Data types

Basic data types in R: logical, integer, double, character.
- use typeof() function to check type of a variable.

typeof(1.1)

## [1] "double"

typeof("a")

## [1] "character"

typeof(TRUE)

## [1] "logical"

typeof(4L)

## [1] "integer"

typeof(4)

## [1] "double"

logical

TRUE/T
FALSE/F

if(T){
  print(TRUE)
}

## [1] TRUE

typeof(FALSE)

## [1] "logical"

is.logical(T)

## [1] TRUE

integer

1:10 represents integer sequence 1 to 10.

aseq <- 1:10 ## <- represent assign value
typeof(aseq)

## [1] "integer"

6L represents 6 is an integer.

aint = 6L
is.integer(aint)

## [1] TRUE

In R, 6 generally is double instead of integer.

is.integer(6)

## [1] FALSE

Assign values

a = 1.6; print(a) ## assign 1.6 to a

## [1] 1.6

b <- 1.6; print(b) ## assign 1.6 to b

## [1] 1.6

1.6 -> d; print(d) ## assign 1.6 to d

## [1] 1.6

Difference between = and <-

<- can be only used for value assignment.
= can be used for both value assignment and function argument.

double

typeof(1.4142)

## [1] "double"

is.double(pi)

## [1] TRUE

is.double(0L)

## [1] FALSE

is.double(0L + 1.5)

## [1] TRUE

character

You can create character using single quotes or double quotes

acharacter <- "I like Biostatistical computing"
typeof(acharacter)

## [1] "character"

bcharacter <- 'You like Biostatistical computing'
is.character(bcharacter)

## [1] TRUE

When a single quote is part of your string, you need to use double quotes.

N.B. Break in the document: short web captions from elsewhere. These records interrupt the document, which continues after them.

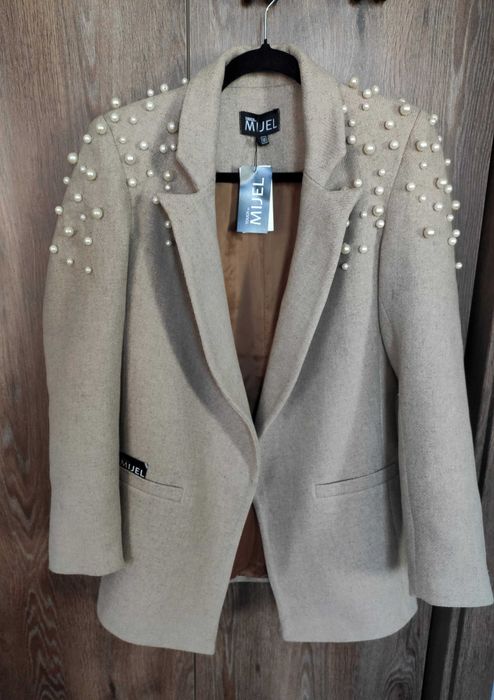 Намален MIJEL нов с етикет плътен блейзър с перли в цвят мока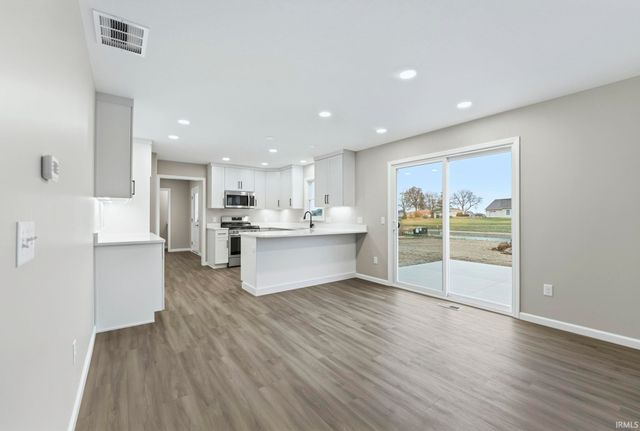 12821 Towcester Court, Fort Wayne, IN 46818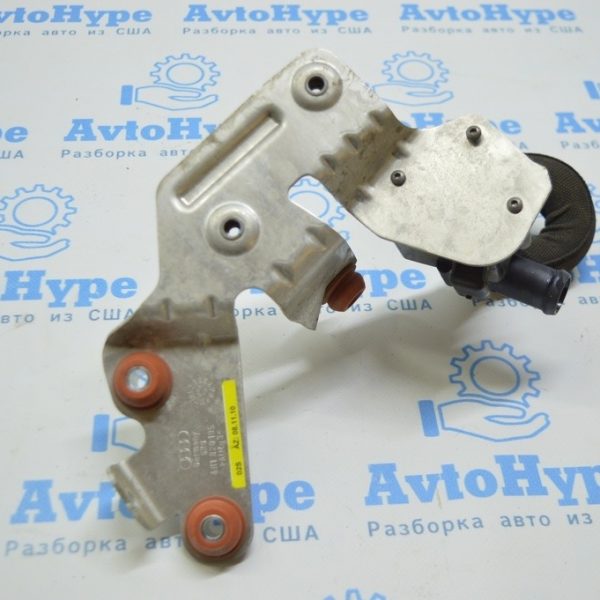 Кронштейн помпы водяной дополнительной Audi A8 D4 10-17 4H1820195
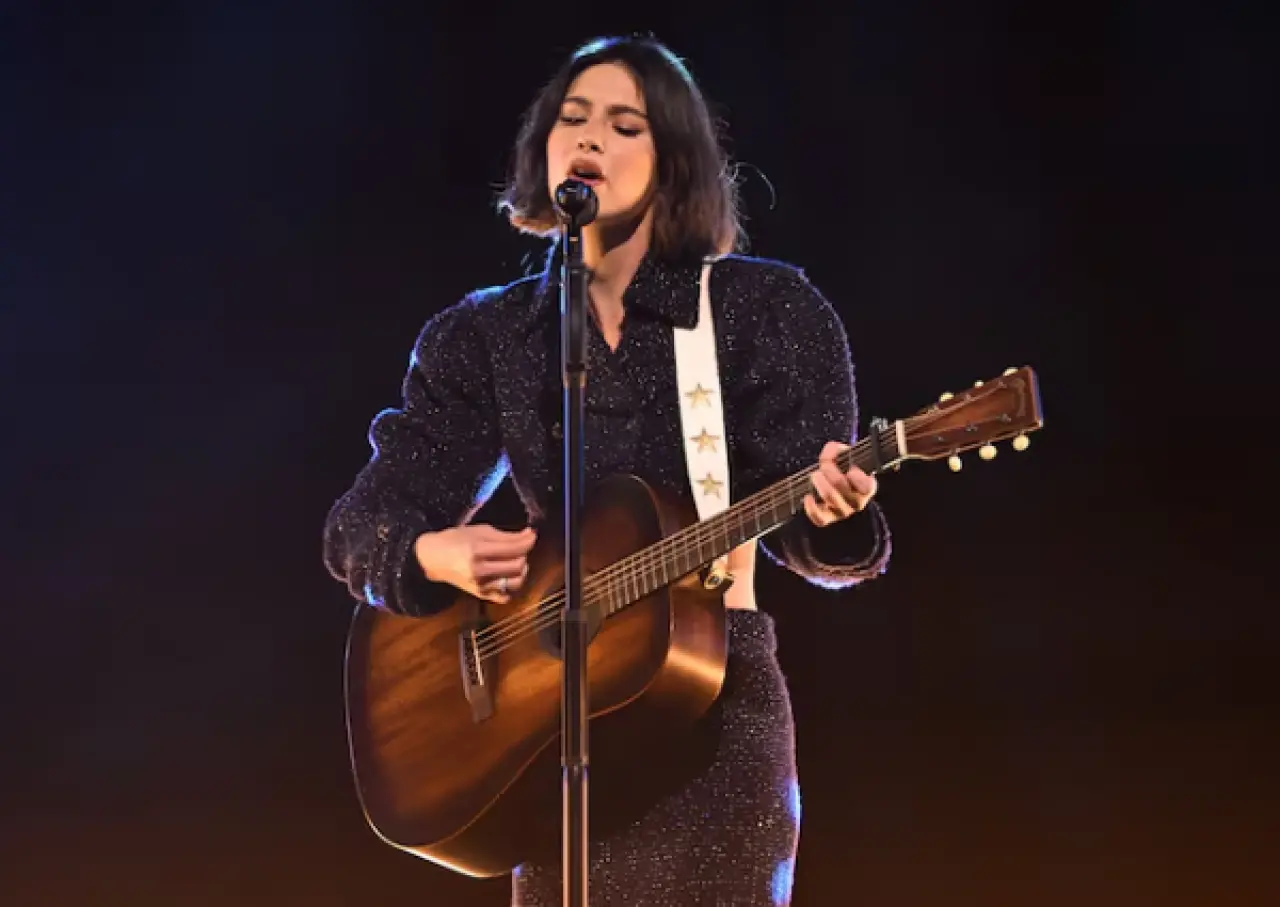 Gracie Abrams’tan Dylan O’Brien’a Şarkılı İntikam: “Cool”un Sözleri Şoke Ediyor! 1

ccharacter <- "He doesn't like Biostatistical computing"
print(ccharacter)

## [1] "He doesn't like Biostatistical computing"

1d Vector

Vector is the basic data structure in R. Two types of vectors
- Atomic vector: All elements of an atomic vector must be the same type
- List: elements of a list can be of different type.
Atomic vectors usually created with c(), short for combine
- dbl_var <- c(1, 23.1, 4.2)
- int_var <- c(1L, 11L, 6L)
- log_var <- c(TRUE, FALSE, T, F)
- chr_var <- c(“I”, “like Biistatistical computing”)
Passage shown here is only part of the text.